Au congrès de Vérone, le duc de Wellington, dans le mémoire adressé le 24 novembre 1822 aux plénipotentiaires des autres états, déclara que l’inefficacité de la police maritime exercée par l’Angleterre pour la répression de la traite des noirs tenait à la facilité avec laquelle les navires négriers échappaient à la poursuite des croiseurs britanniques en arborant le pavillon français, et il fondait, sur la nécessité de pourvoir à cet inconvénient, la demande « un droit de visite réciproque établi par des conventions spéciales. Il est évident que lord Castlereagh et le duc de Wellington n’auraient pas employé de tels argumens, s’ils eussent considéré la vérification du pavillon des navires marchands comme autorisée par le droit des gens. Les déclarations de ces deux hommes d’état constatent suffisamment la doctrine du gouvernement britannique à cette époque.

De son côté, le gouvernement français a eu maintes fois l’occasion d’exposer sa doctrine maritime ; il l’a exposée en 1815 à Vienne, en 1818 à Aix-la-Chapelle, en 1822 à Vérone. En ces diverses circonstances, il a déclaré, dans une forme générale et absolue, qu’il n’admettait aucun droit de visite, aucune intervention, aucune police étrangère envers nos navires marchands.

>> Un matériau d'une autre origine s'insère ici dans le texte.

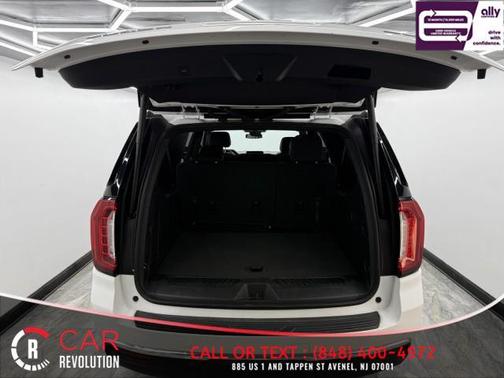 White 2024 GMC Yukon XL SLT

En 1831, les déclarations du gouvernement français furent tout-à-fait explicites en ce qui touche la vérification du pavillon. À cette époque, l’Angleterre reproduisit, avec un redoublement d’insistance, la demande, qu’elle nous avait souvent adressée, d’établir un droit de visite réciproque. Six mois avant d’être accueillie et consacrée par la convention du 30 novembre 1831, cette demande fut repoussée par le gouvernement français. M. le maréchal Sébastiani, alors ministre des affaires étrangères, signifia ce refus dans une dépêche adressée, le 7 avril 1831, à lord Granville, ambassadeur d’Angleterre à Paris. Dans cette dépêche, M. le maréchal Sébastiani ne se borna pas à reproduire les déclarations générales qui avaient été faites précédemment ; il déclara formellement qu’à la France seule appartenait le droit de vérifier si le pavillon français était frauduleusement usurpé.